A quarter of over-55s think there is nothing they can do to increase their income which mean they’re opting to turn off heating and lights to cut back on costs.

Six in 10 people aged 55 and over plan to cut back on heating or will switch off lights to make their money go further as inflation stood at 10.1% for September.

According to Key Later Life, over-55s are actively looking to reduce their outgoings and increase their income. For 45% of the 1,000 people polled, they said they would go out less often while 38% said they would turn to unbranded goods.

Meanwhile 35% said they would meal plan more carefully and a third said they would use their car less. Elsewhere, this group said they would cancel subscriptions and try to use less energy when cooking to cut back costs.

Key also found this cohort are looking at ways to boost their income to offset the cost-of-living crisis.

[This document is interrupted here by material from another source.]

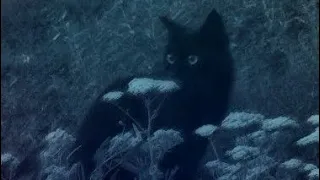 اوفرلايز ما تختلفيش بطيء بدون موسيقى 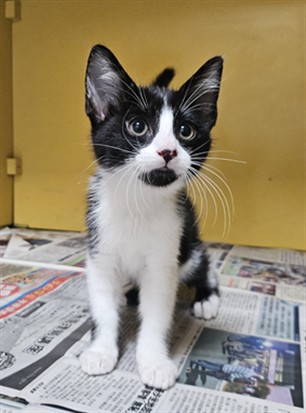 Figaro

With the full state pension at £9,628 but with rising costs, some plan to cancel non-essential direct debits (29%), move their savings to better performing accounts (18%) or review the benefits they receive to ensure they are receiving their full entitlement.

However a quarter (24%) said there is nothing they can do to increase their income. Retirees (28%) are the most likely to believe this.

Over-55s more vulnerable to price rises

Will Hale, CEO at Key Later Life Finance, said that most people in the UK were “fully aware” of the impact of the cost-of-living crisis and were cutting back where possible.

He said that over-55s were no different but regarding the expenditure going on food and utilities, they were “particularly vulnerable to the price increases we’ve seen” as they tend to spend more on these areas.

Hale said it was “not entirely surprising” that 21% of over-55s said they either don’t know how they will or won’t manage financially with inflationary increases.

He said: “While building up a pension nest egg over your career is arguably the best approach, this is not a possibility for everyone, so they really need to consider all their options including housing equity.

“With over-65s currently sitting on £2.95trn worth of unmortgaged equity there is no doubt that property can play a role to help older people to maintain their standard of living in these challenging times or indeed to assist younger family members who are likely also to be feeling the pinch.”

He added: “The best way to start is to speak to a specialist financial adviser who has in-depth knowledge of the market and the different products available as well as other options that might be considered.

“Some may find downsizing works while others may want the flexibilities and protections offered by equity release or find that they are entitled to claim benefits they were not aware of – it is about finding the right option for their individual circumstances taking into account both immediate needs and long-term implications.”